### Provided data:
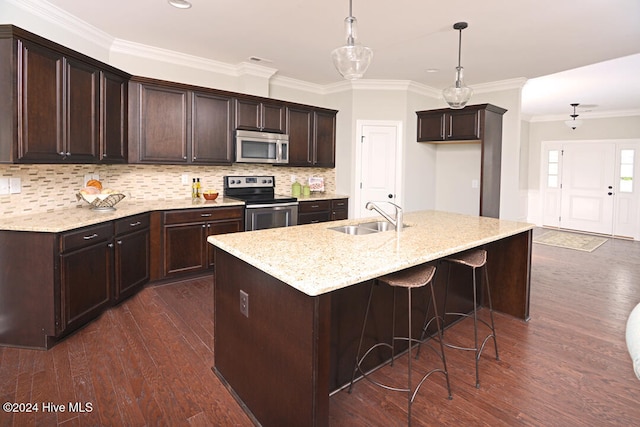 kitchen featuring an island with sink, stainless steel appliances, backsplash, hanging light fixtures, and sink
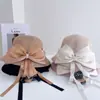 Sombrero de pescador de ala corta de paja con cinta de lazo elegante estilo francés para mujer, sombrero de paja versátil y elegante para el verano, sombrero tipo cubo para protección solar en vacaciones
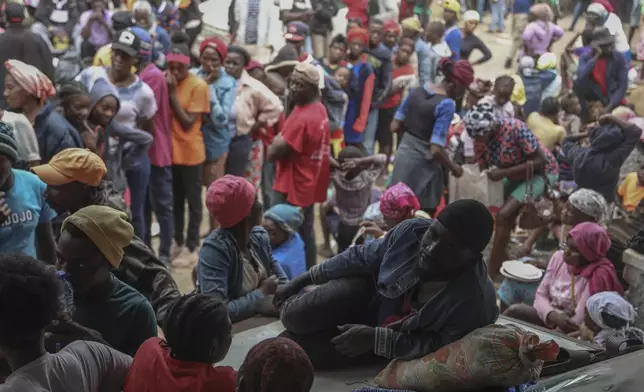 People displaced by armed gang attacks take refuge at the town hall of the Kenscoff neighborhood of Port-au-Prince, Haiti, Monday, Feb. 3, 2025. (AP Photo/Odelyn Joseph)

### Exercise aim:
Repeat, exactly and in full, all the material above except its pictures.

### Exercise result:
 kitchen featuring an island with sink, stainless steel appliances, backsplash, hanging light fixtures, and sink
 Sombrero de pescador de ala corta de paja con cinta de lazo elegante estilo francés para mujer, sombrero de paja versátil y elegante para el verano, sombrero tipo cubo para protección solar en vacaciones
 People displaced by armed gang attacks take refuge at the town hall of the Kenscoff neighborhood of Port-au-Prince, Haiti, Monday, Feb. 3, 2025. (AP Photo/Odelyn Joseph)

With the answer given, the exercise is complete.